***** MATERIAL FOR THIS TASK *****

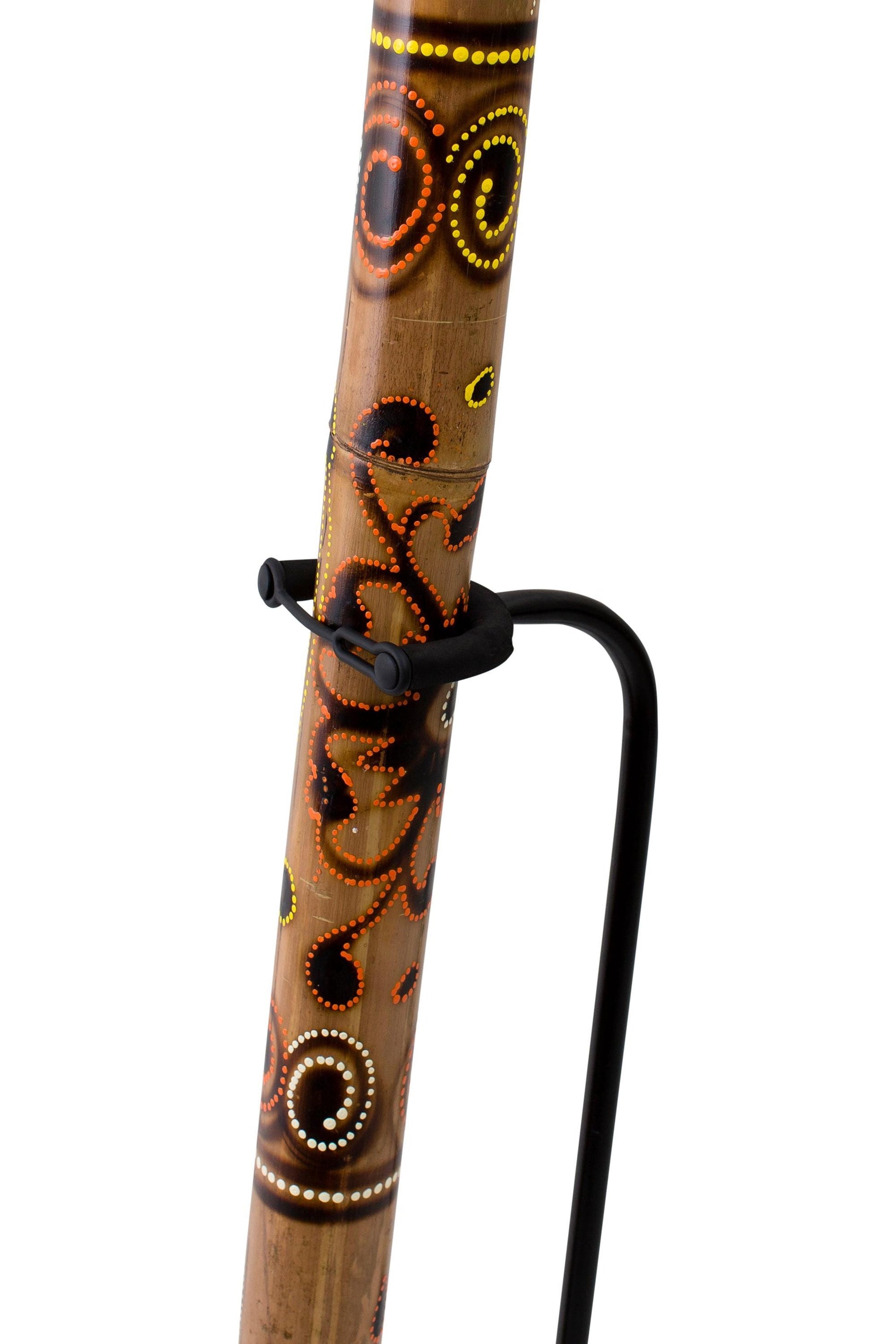 didgeridoo mahonie pro-series 147cm inclusief ikat bag, online cursus, bijenwas, beschermcover mondstuk, didgeridoostand
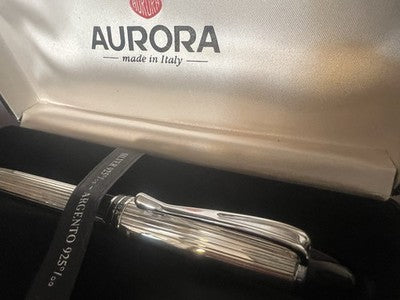 Aurora Stift Kugel Ipsilon Silber Fest 925 Modell B34 Neu NOS 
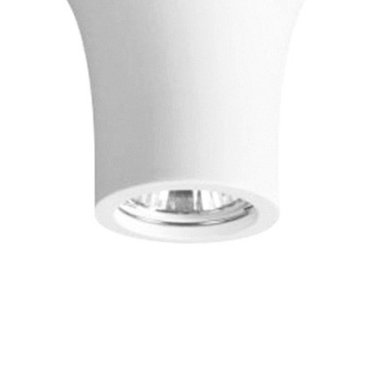 Nova Luce Orazio Drop - spot de plafond - 13 cm - plâtre blanc
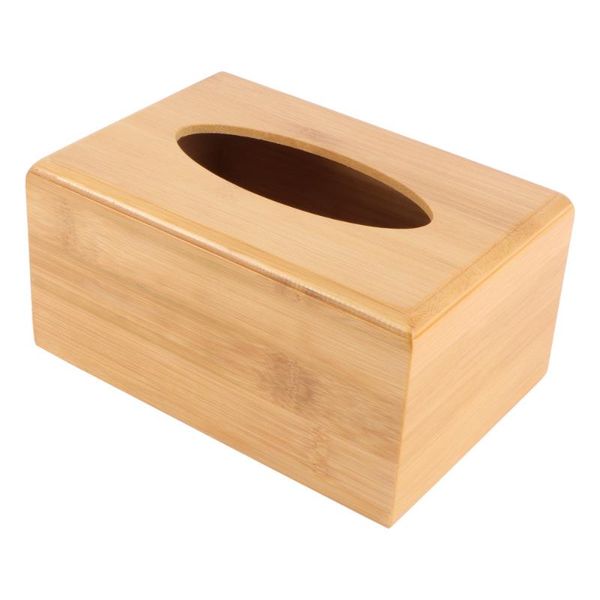 

tissue boxes & napkins 1pc wooden simple napkin holder creative box home storage khaki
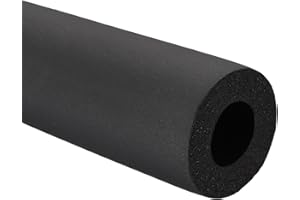 PATIKIL 1-11/16"(43mm) ID x 6.6Ft Pipe Insulation Foam Tube, Pipe Cover Wrap Roll Bar Padding Tubing for Handle Grip HVAC Outdoor Air Conditioner Units, Black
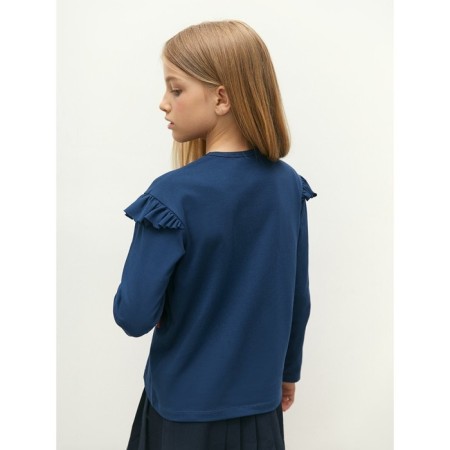 Longsliv children's amrobaby ruffle, height 128 cm, blue color-11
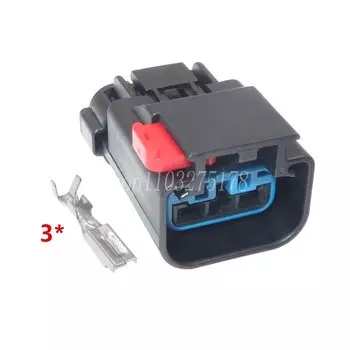 1 комплект, 3-контактный 54200308 54200312 Автомобильный разъем датчика распределительного вала, автоматический водонепроницаемый разъем провода, водонепроницаемая розетка
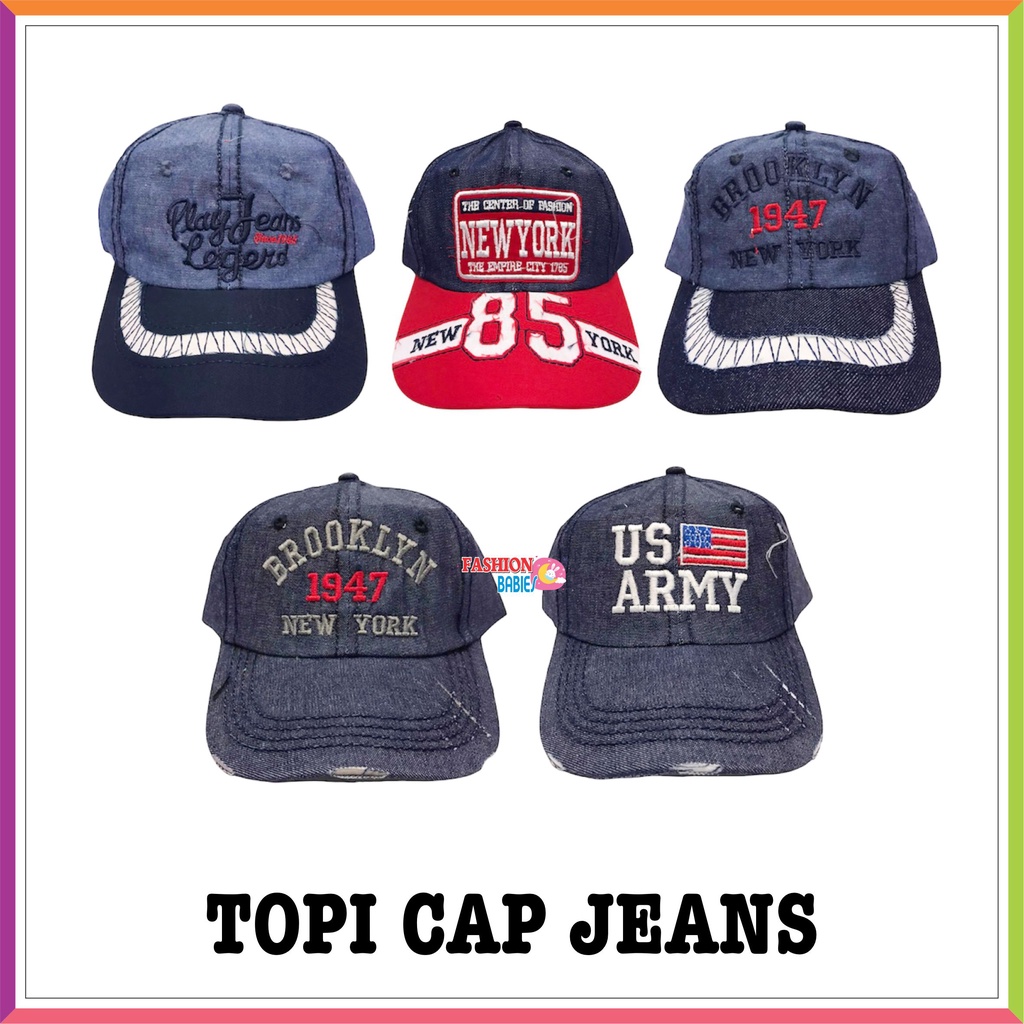 ❤ Fashionbabies ❤ TOPI CAP LEVIS / TOPI ANAK JEANS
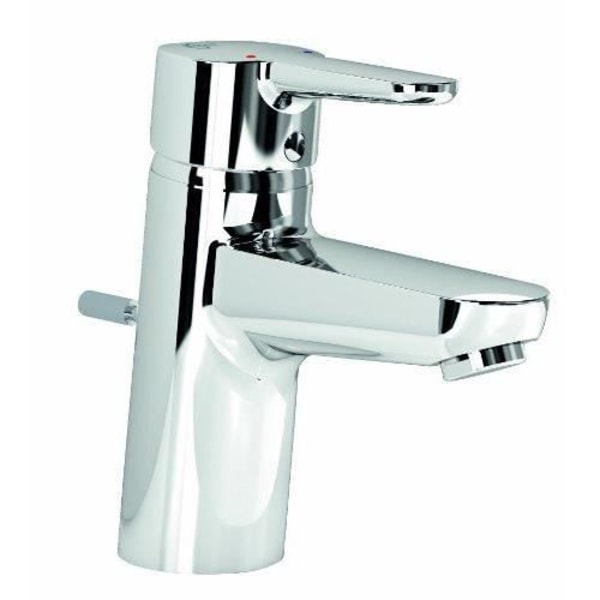 Ideal Standard B9914AA Connect Blue diskbänksblandare med krom avloppskran
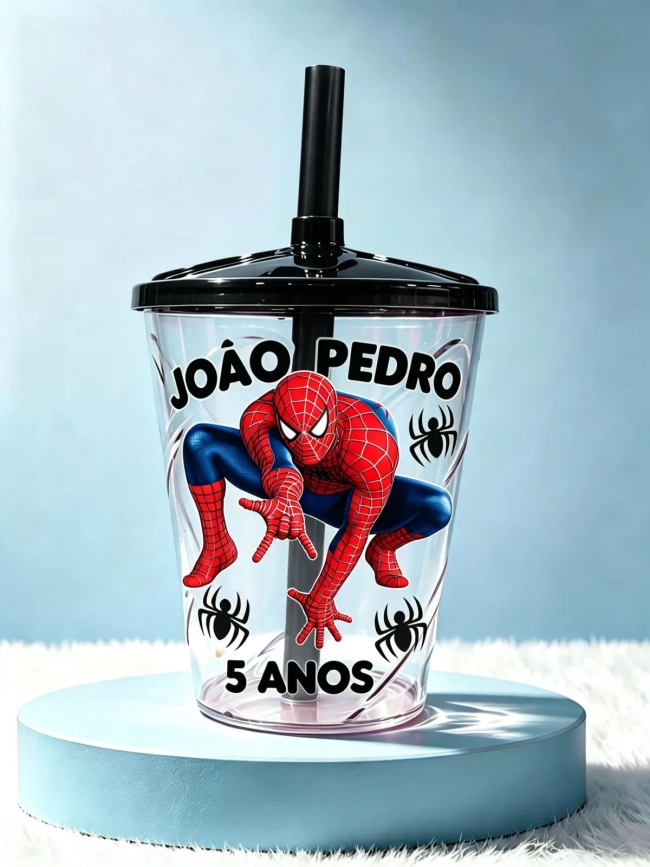 Copo Twister Personalizado Homem Aranha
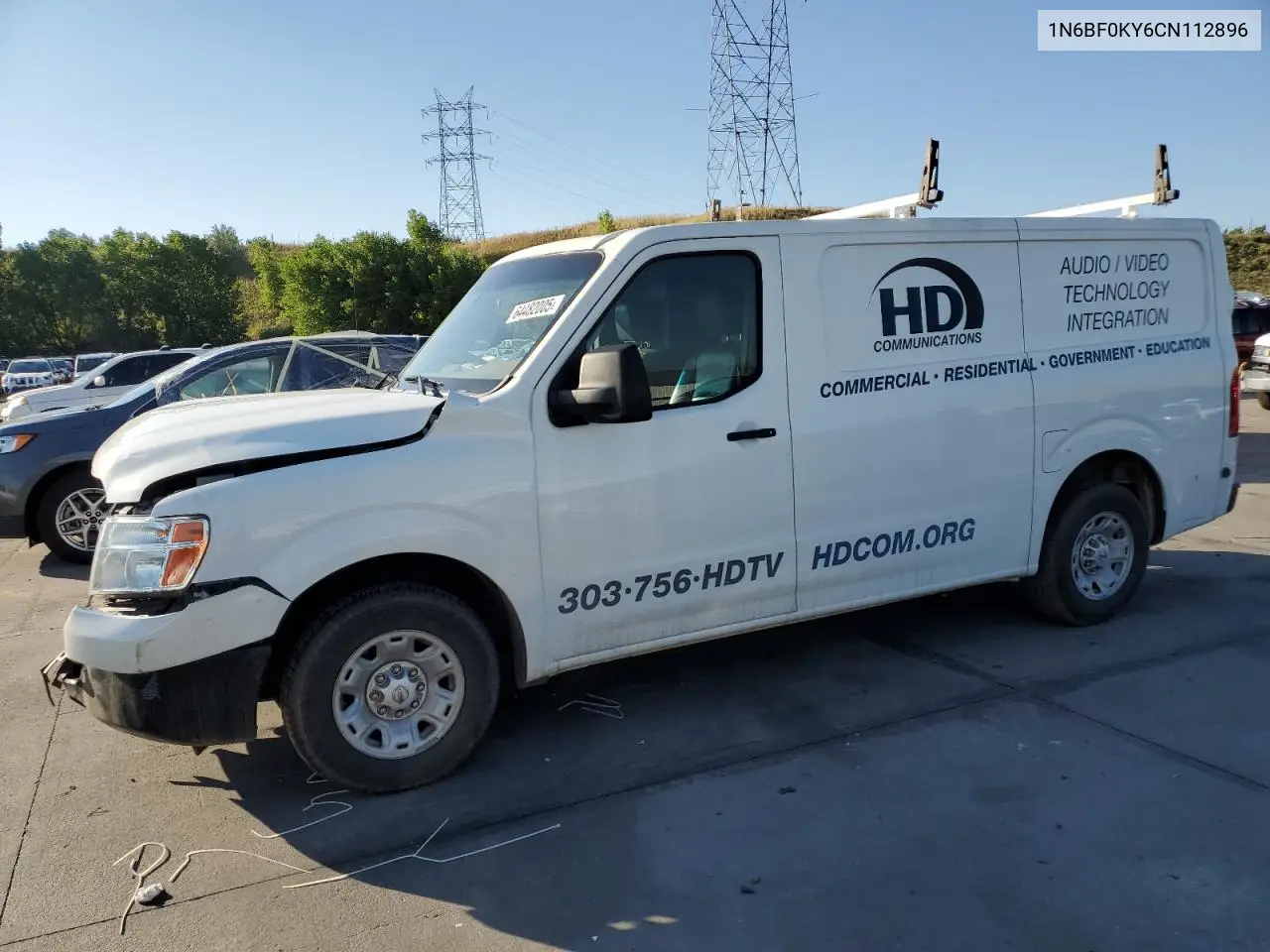 2012 Nissan Nv 1500 VIN: 1N6BF0KY6CN112896 Lot: 64482005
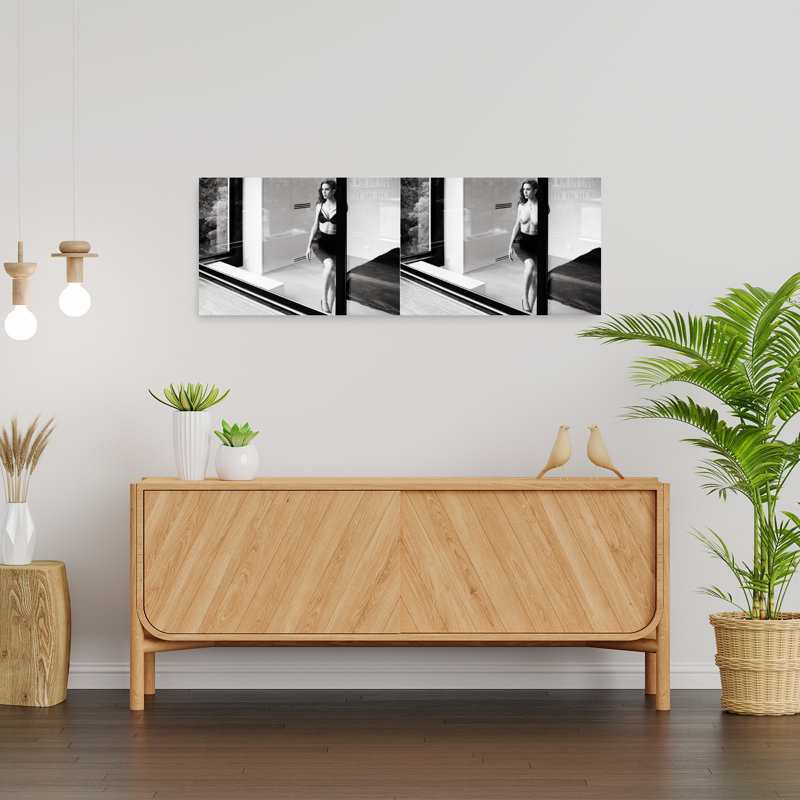 «Sensual Modern Woman», art mural abstrait moderne et élégant, H 12 po x l 36 po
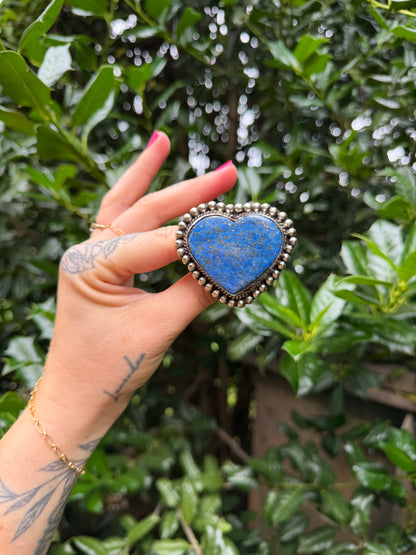 Hearts of Blue Lapis Ring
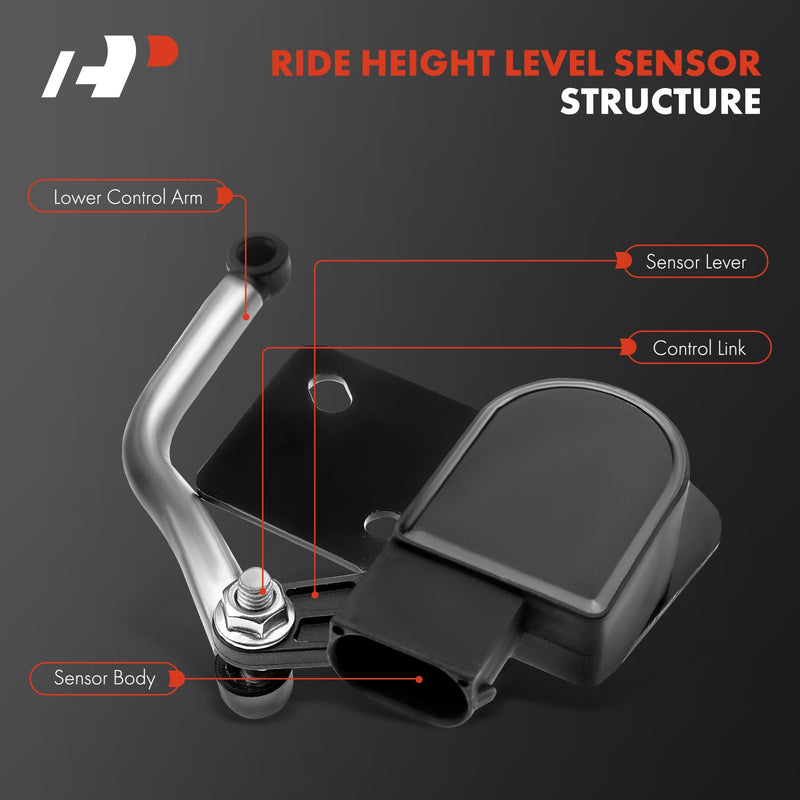 A-Premium Ride Height Level Sensor Compatible with Jeep Grand Cherokee 2015, Sport Utility, Front Left Driver Side, Replace# 68164093AA, 68164093AB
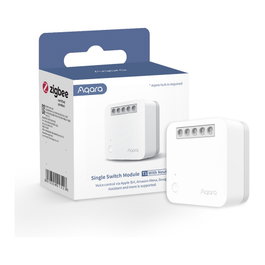 Aqara SSM-U01 T1 Interruptor Inalambrico y Alambrico Monopolar con Neutro para Pared, ZigBee, Blanco, Compatible con HomeKit, Alexa y Google Assistant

*****

**WHAT IS NEEDED:**
If a record holds a picture, skip the picture and write out everything else exactly.

**THE ANSWER:**
 didgeridoo mahonie pro-series 147cm inclusief ikat bag, online cursus, bijenwas, beschermcover mondstuk, didgeridoostand
 Aurora Stift Kugel Ipsilon Silber Fest 925 Modell B34 Neu NOS 
 Nova Luce Orazio Drop - spot de plafond - 13 cm - plâtre blanc

tissue boxes & napkins 1pc wooden simple napkin holder creative box home storage khaki
 PATIKIL 1-11/16"(43mm) ID x 6.6Ft Pipe Insulation Foam Tube, Pipe Cover Wrap Roll Bar Padding Tubing for Handle Grip HVAC Outdoor Air Conditioner Units, Black
 Longsliv children's amrobaby ruffle, height 128 cm, blue color-11
 1 комплект, 3-контактный 54200308 54200312 Автомобильный разъем датчика распределительного вала, автоматический водонепроницаемый разъем провода, водонепроницаемая розетка
 ❤ Fashionbabies ❤ TOPI CAP LEVIS / TOPI ANAK JEANS
 Ideal Standard B9914AA Connect Blue diskbänksblandare med krom avloppskran
 Copo Twister Personalizado Homem Aranha
 2012 Nissan Nv 1500 VIN: 1N6BF0KY6CN112896 Lot: 64482005
 «Sensual Modern Woman», art mural abstrait moderne et élégant, H 12 po x l 36 po
 Hearts of Blue Lapis Ring
 A-Premium Ride Height Level Sensor Compatible with Jeep Grand Cherokee 2015, Sport Utility, Front Left Driver Side, Replace# 68164093AA, 68164093AB
 Aqara SSM-U01 T1 Interruptor Inalambrico y Alambrico Monopolar con Neutro para Pared, ZigBee, Blanco, Compatible con HomeKit, Alexa y Google Assistant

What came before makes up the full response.